#### AVAILABLE DATA

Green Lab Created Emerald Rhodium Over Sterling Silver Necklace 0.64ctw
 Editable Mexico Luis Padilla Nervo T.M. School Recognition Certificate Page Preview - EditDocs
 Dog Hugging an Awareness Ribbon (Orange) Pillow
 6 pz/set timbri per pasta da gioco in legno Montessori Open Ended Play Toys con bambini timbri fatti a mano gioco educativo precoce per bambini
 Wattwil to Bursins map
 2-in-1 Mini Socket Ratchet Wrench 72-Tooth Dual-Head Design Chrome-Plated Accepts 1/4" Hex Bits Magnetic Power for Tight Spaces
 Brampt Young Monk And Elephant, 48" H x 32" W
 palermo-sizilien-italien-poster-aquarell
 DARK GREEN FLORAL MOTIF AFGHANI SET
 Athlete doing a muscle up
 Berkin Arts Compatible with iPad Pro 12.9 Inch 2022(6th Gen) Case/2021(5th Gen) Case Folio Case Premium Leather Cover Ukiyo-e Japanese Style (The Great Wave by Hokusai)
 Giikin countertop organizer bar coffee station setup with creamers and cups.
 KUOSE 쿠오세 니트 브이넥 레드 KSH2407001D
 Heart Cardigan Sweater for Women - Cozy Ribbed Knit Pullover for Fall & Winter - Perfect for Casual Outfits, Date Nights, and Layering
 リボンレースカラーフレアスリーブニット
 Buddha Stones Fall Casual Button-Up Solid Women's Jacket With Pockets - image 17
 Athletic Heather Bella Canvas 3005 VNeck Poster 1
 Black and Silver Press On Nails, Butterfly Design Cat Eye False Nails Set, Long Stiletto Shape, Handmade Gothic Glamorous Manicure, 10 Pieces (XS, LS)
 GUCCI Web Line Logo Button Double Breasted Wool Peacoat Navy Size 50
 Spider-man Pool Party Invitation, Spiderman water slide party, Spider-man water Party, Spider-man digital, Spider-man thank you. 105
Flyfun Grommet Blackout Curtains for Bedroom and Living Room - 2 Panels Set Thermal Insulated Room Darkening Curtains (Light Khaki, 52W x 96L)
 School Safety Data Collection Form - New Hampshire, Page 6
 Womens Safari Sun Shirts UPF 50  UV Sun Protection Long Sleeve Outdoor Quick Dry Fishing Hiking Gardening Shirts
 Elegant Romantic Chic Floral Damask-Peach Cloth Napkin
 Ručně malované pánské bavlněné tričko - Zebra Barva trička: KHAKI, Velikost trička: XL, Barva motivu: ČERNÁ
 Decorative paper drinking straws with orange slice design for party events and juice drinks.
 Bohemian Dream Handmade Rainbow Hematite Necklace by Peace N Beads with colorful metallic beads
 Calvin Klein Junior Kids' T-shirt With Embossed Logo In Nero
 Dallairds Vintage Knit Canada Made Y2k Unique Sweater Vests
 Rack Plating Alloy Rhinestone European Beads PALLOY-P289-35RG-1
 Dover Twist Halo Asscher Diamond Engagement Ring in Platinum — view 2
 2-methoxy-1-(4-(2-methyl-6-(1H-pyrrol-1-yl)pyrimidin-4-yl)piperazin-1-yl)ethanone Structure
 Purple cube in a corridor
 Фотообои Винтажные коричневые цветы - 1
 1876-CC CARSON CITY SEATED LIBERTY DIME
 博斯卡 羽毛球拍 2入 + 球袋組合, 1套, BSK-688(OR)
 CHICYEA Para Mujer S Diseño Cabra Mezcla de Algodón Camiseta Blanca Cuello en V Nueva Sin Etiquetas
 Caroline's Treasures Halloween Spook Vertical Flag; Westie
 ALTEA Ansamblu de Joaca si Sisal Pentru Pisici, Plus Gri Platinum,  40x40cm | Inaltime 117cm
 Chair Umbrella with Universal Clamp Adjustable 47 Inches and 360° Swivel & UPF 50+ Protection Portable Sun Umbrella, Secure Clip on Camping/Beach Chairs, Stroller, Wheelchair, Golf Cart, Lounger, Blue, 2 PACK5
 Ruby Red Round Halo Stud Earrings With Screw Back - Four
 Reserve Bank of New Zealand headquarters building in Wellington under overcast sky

########

#### YOUR OBJECTIVE
Every line above in which the word "Necklace" occurs is to be copied.

#### COMPLETED EXERCISE
Green Lab Created Emerald Rhodium Over Sterling Silver Necklace 0.64ctw
 Bohemian Dream Handmade Rainbow Hematite Necklace by Peace N Beads with colorful metallic beads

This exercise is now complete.